#### [DATA EXTRACT]
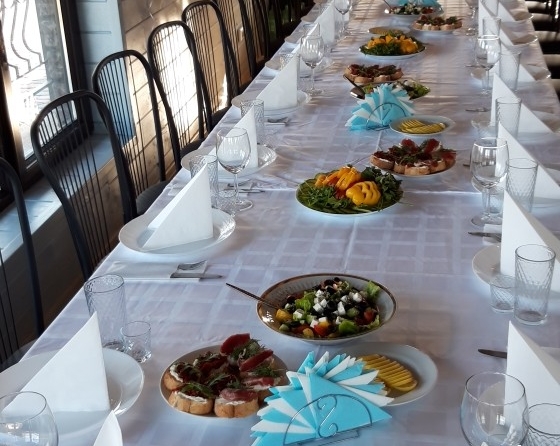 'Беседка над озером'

--

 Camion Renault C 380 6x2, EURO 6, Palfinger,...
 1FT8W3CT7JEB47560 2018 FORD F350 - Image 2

...

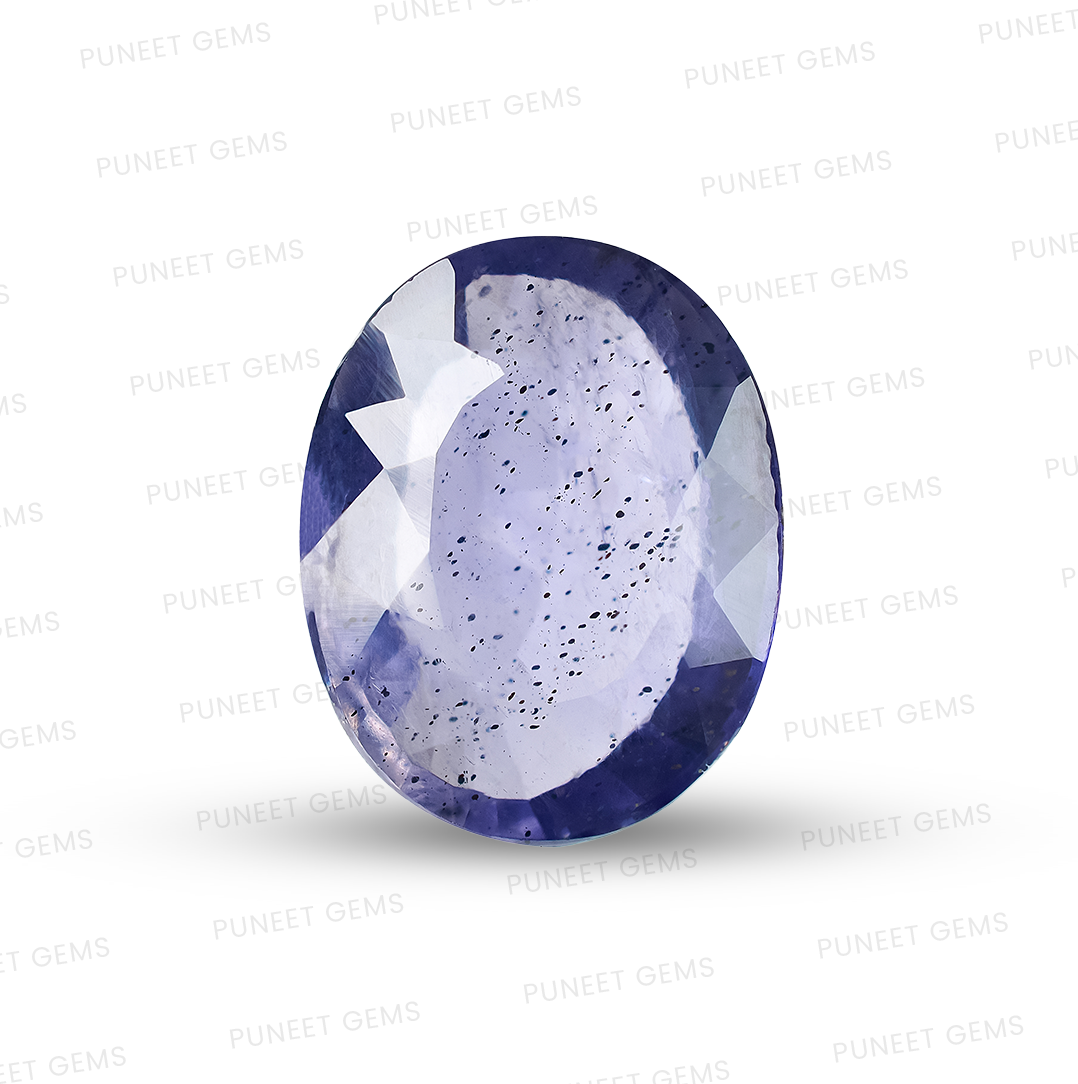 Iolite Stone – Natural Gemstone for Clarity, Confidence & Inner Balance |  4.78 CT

#### [TASK DESCRIPTION]
Look in the material above for the line with "Camion Renault C" and the line with "1FT8W3CT7JEB47560 2018 FORD F350 - Image 2", and transcribe exactly those lines and all lines between them, nothing more.

#### [ANSWER BOX]
 Camion Renault C 380 6x2, EURO 6, Palfinger,...
 1FT8W3CT7JEB47560 2018 FORD F350 - Image 2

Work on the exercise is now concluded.